An EOT can provide a tax-beneficial way for shareholders to realise value...
News & Views
UK Remittance Basis of Taxation – Don’t Get It Wrong!
Peter Robertson,
14th October 2021
Tax
Background
UK tax resident, non-domiciled, individuals who are claiming the remittance basis of taxation, do not pay UK tax on foreign income and gains, as long as these are not remitted to the UK.
It is, however, crucial to ensure that this tax benefit is properly planned for and claimed. For more information regarding formally claiming the remittance basis, please see article UK Remittance Basis – It Needs to be Formally Claimed.
Failure to plan properly, before arriving in the UK and becoming UK tax resident, could mean that the benefits available are lost and an unwelcome letter from HM Revenue & Customs (HMRC) might be received.
Case Study
To clearly highlight the risks of not taking the right advice, at the right time, please see a case study below regarding an individual moving to the UK.
1 March 2021 (Day 1)
Mr and Mrs Non-dom decide to leave their current home in Australia and move to the UK during the summer of 2021, so that their two minor children can start school early in September 2021.
They speak to their Australian tax adviser and make sure that they carry out local tax planning in preparation for leaving Australia. They have been told by a friend, who had already moved the previous year, that “as they are not originally from the UK, they will be taxed on the ‘remittance basis’, and therefore their non-UK source income will not be taxed in the UK”.
They are pleased as they believe this means:
Assumed: NONE of the following would be taxed in the UK:
income from the rental property they have in Australia; and
dividends (from their large share portfolio) held in a Hong Kong bank; and
interest on the equivalent of £2million cash savings, currently sitting on long term deposit (until the summer of 2022), at the same Hong Kong bank as above.
At this point, they do not seek any UK tax advice.
What a shame!
10 August 2021 (Day 2)
Having arranged the correct visas, they move to the UK ready for the new school term.
They had £50,000 of cash in an Australian current account, that they now remit to their new UK bank account. They use this for rent and living expenses.
10 August 2022
Having lived in the UK for a year, and with the children now well settled in school, they decide that they will be staying in the UK until such time as both children have completed their education. They therefore decide to purchase a house.

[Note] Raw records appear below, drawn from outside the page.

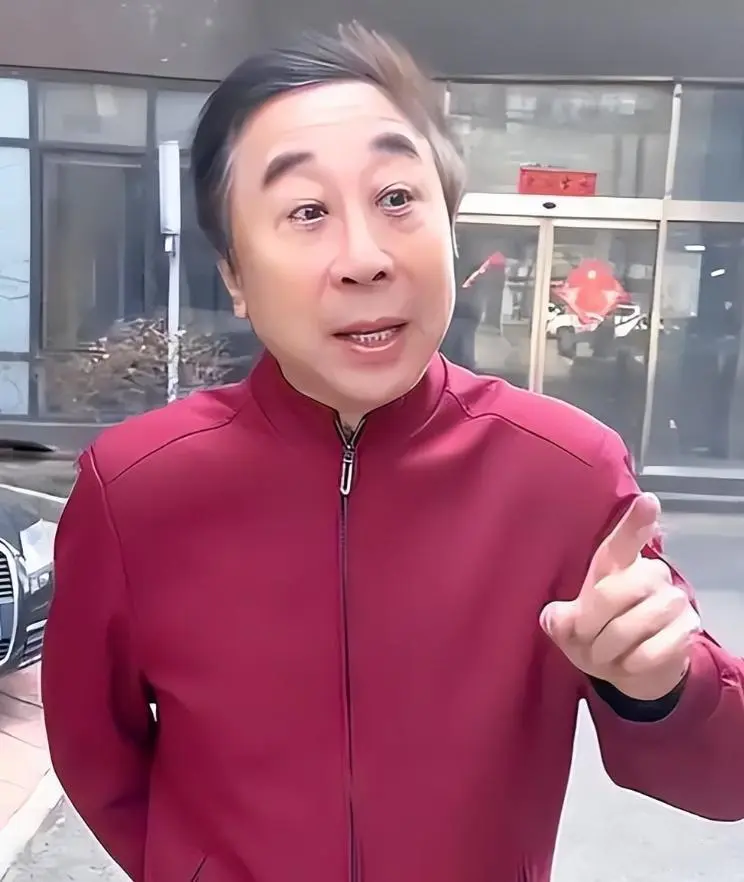 全家住北京老破小，68岁冯巩近况曝光，满脸褶皱，儿子41岁还未婚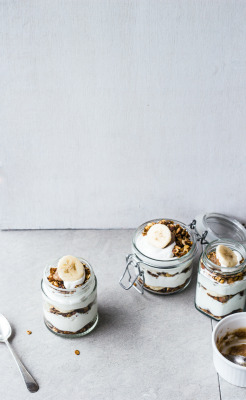 beautifulfoodisamust:  Healthy Banoffee Parfaits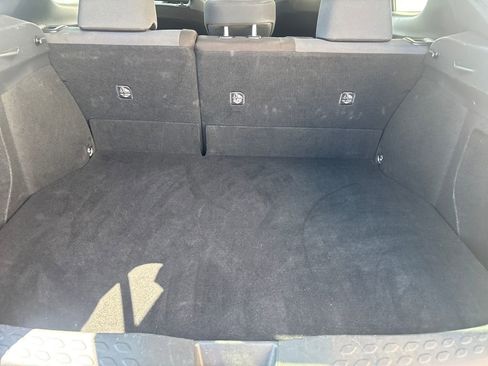 Used 2020 Toyota C-HR LE image 27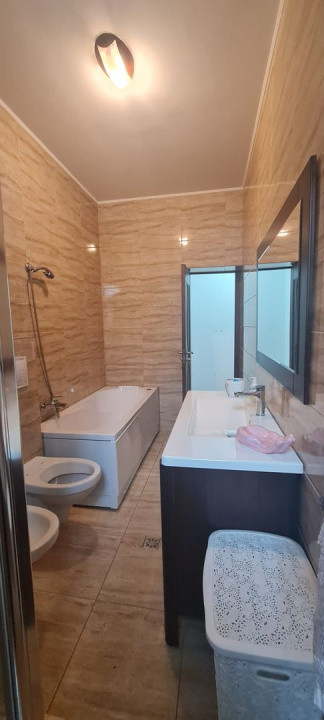 Casa 3 camere + spatiu comercial zona centrala Odobesti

Since Day 2, they have continued to receive rental income from their Australian rental property, as well as from the family home that they left behind. This income has been paid into an Australian bank account.
The dividend income has carried on being received into the Hong Kong bank account. The long-term deposit of £2million, plus accrued interest, has expired and this income is now earning very little interest in the Hong Kong current account. They therefore decide to put these monies back on deposit for a further three years.
They need £1million to buy the new home in the UK, along with a further £250,000 for stamp duty, renovation costs and school fees.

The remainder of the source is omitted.